Wednesday, April 07, 2010

War and Remembrance

Arthur "Jibby" Jibilian, the last surviving member of the Halyard Mission, passed away on March 23. To his dying day, he fought for recognition of the people who helped him and his OSS colleagues rescue hundreds of Allied airmen shot down by the Nazis over what is today Serbia. They were given aid and shelter, in spite of both brutal German reprisals and Allied bombings of Serbian civilians in 1944. But this amazing escape remained secret and forgotten, because of the identity of their Serbian rescuers.

It was the royalists of Gen. Draža Mihailović who took part in the Halyard rescue. Meanwhile, however, the Western Allies switched their support to Tito and the Communists. Assisted by Soviet troops, they took power in Yugoslavia as the Nazis retreated. Mihailović was captured in 1946 and executed by the Communists for "treason." His grave is yet to be found.

In 1948, Mihailović was posthumously decorated by President Truman, for "organising and leading important resistance forces against the enemy which occupied Yugoslavia from December 1941 to December 1944". The citation stated that the royalists, "fighting under extreme hardships, contributed materially to the Allied cause and were materially instrumental in obtaining a final Allied Victory." It was never made public, though, for fears of alienating the Tito government. Meanwhile, Communist history books nurtured a narrative of Mihailović and his troops as Nazi collaborators, equating them with actual Nazi sympathizers, the Croatian Ustaša, and the Bosnian Muslim and Albanian Waffen-SS.

As Tito's Yugoslavia was torn apart in the 1990s, this rape of history went a step further: the pro-Nazi forces in 1940s Yugoslavia and their modern heirs were re-cast as "freedom fighters", while the modern-day Serbs as well as Mihailović were smeared as the actual "Nazis"! The ignorant Western public swallowed the story hook, line and sinker. One can only imagine how the few Americans that knew the truth, like Jibilian, must have felt.

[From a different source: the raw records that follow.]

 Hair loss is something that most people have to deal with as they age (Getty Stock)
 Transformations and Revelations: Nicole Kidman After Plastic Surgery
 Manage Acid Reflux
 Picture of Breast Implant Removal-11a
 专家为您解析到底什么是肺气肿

In a March 30 letter to Pittsburgh Post-Gazette, Mim Bizic explains the tragedy of it all:

Bill David, an Ohio pilot, was in the Boston airport when he learned of "Jibby's" passing. He wrote this in an e-mail to me: "Art and his fellow soldiers were honest-to-God real live American heroes, the kind that you would read about in comic books. Over 500 lives were saved during WWII and nobody knows about it. The guys they rescued went on to live their lives, father families, build careers, help make America great. Nobody knows of all of this.

"This is not the news of the day. We as a nation are worse off because of it. It disconnects us from our gallant values and what made us great as a country in the first place.

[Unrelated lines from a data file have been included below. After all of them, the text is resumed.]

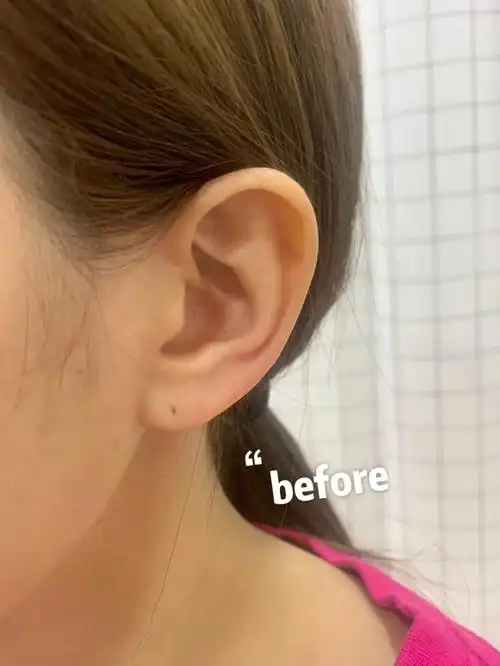 玻尿酸耳垂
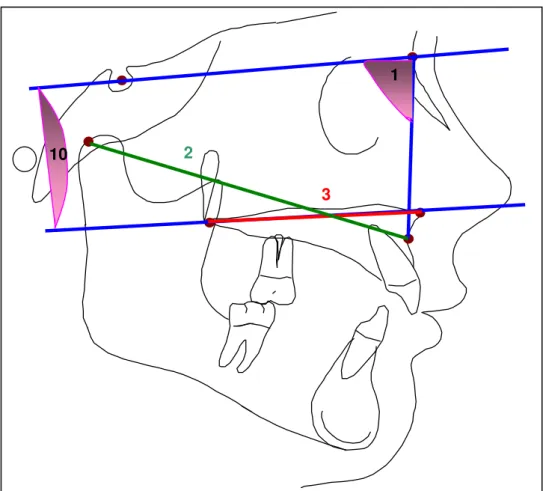 FIGURA 5 - Medidas de Crescimento Maxilar 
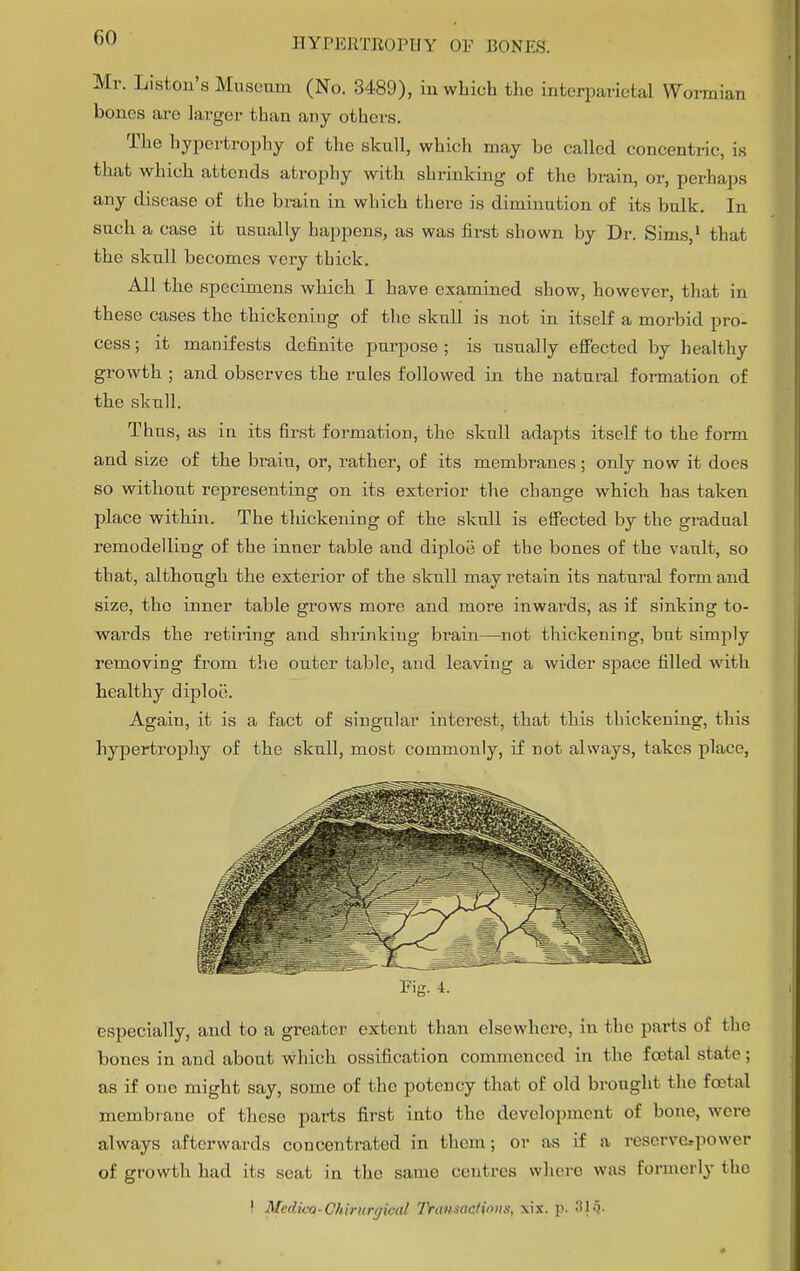 °u HYPERTEOPHY OF BONEiSf. Mr. List on's Museum (No. 3489), in which the interparietal Wormian bones are larger than any others. The hypertrophy of the skull, which may be called concentric, is that which attends atrophy with shrinking of the brain, or, perhaps any disease of the brain in which there is diminution of its bulk. In such a case it usually happens, as was first shown by Dr. Sims,1 that the skull becomes very thick. All the specimens which I have examined show, however, that in these cases the thickening of the skull is not in itself a morbid pro- cess ; it manifests definite purpose ; is usually effected by healthy growth ; and observes the rules followed in the natural formation of the skull. Thus, as in its first formation, the skull adapts itself to the form and size of the brain, or, rather, of its membranes; only now it does so without representing on its exterior the change which has taken place within. The thickening of the skull is effected by the gradual remodelling of the inner table and diploe of the bones of the vault, so that, although the exterior of the skull may retain its natural form and size, the inner table grows more and more inwards, as if sinking to- wards the retiring and shrinking brain—not thickening, but simply removing from the outer table, and leaving a wider space filled with healthy diploe. Again, it is a fact of singular interest, that this thickening, this hypertrophy of the skull, most commonly, if not always, takes place, Pig. 4. especially, and to a greater extent than elsewhere, in the parts of the bones in and about which ossification commenced in the foetal state; as if one might say, some of the potency that of old brought the foetal membiane of these parts first iuto the development of bone, were always afterwards concentrated in them; or as if a reserve»power of growth had its seat in the same centres where was formerly the } Medico-Chirurtjicat DransacHons, xix. p. 81§.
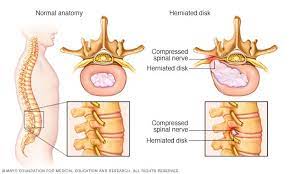 Damage or shortcoming can make the internal bit of the disc jut through the external ring. Herniated Disk Symptoms And Causes Mayo Clinic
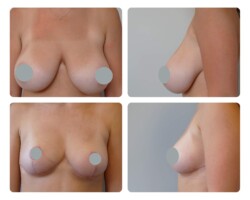 Before and After Breast Reduction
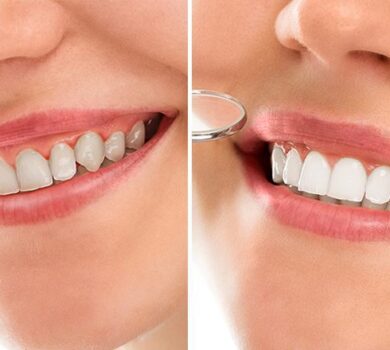 Studio Dentistico Lucaferri - Sbiancamento Dentale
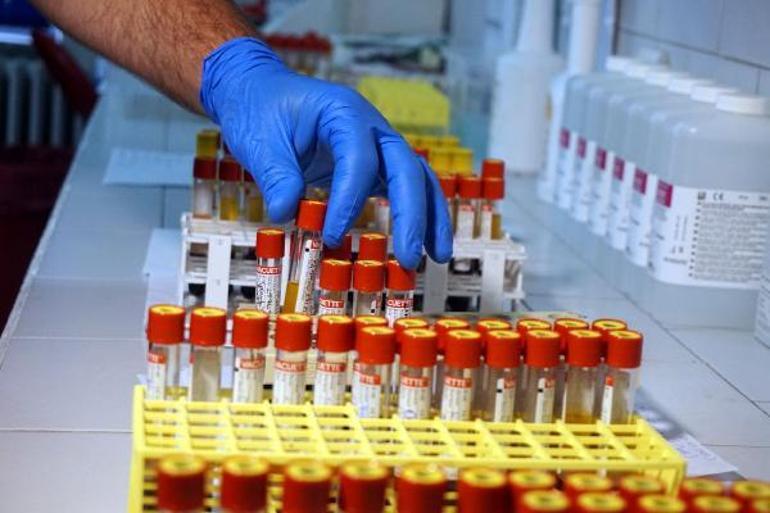 İstanbul Tıp Fakültesi Koronavirüs Laboratuvarında antikor testi yapılmaya başlandı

"Tiger Woods will take center stage for his indiscretions. That is the kind of stuff that is important to us now. Everybody knows who Tiger and Paris are, but nobody knows who Draza Mihailovich was and what he and the Serbian people did for our country, the sacrifices they made so that our boys could live."

Perhaps if Americans did know, this wouldn't have been written on the 11th anniversary of the illegal bombing of Serbia by NATO forces.

Rest in peace, "Jibby". And thank you.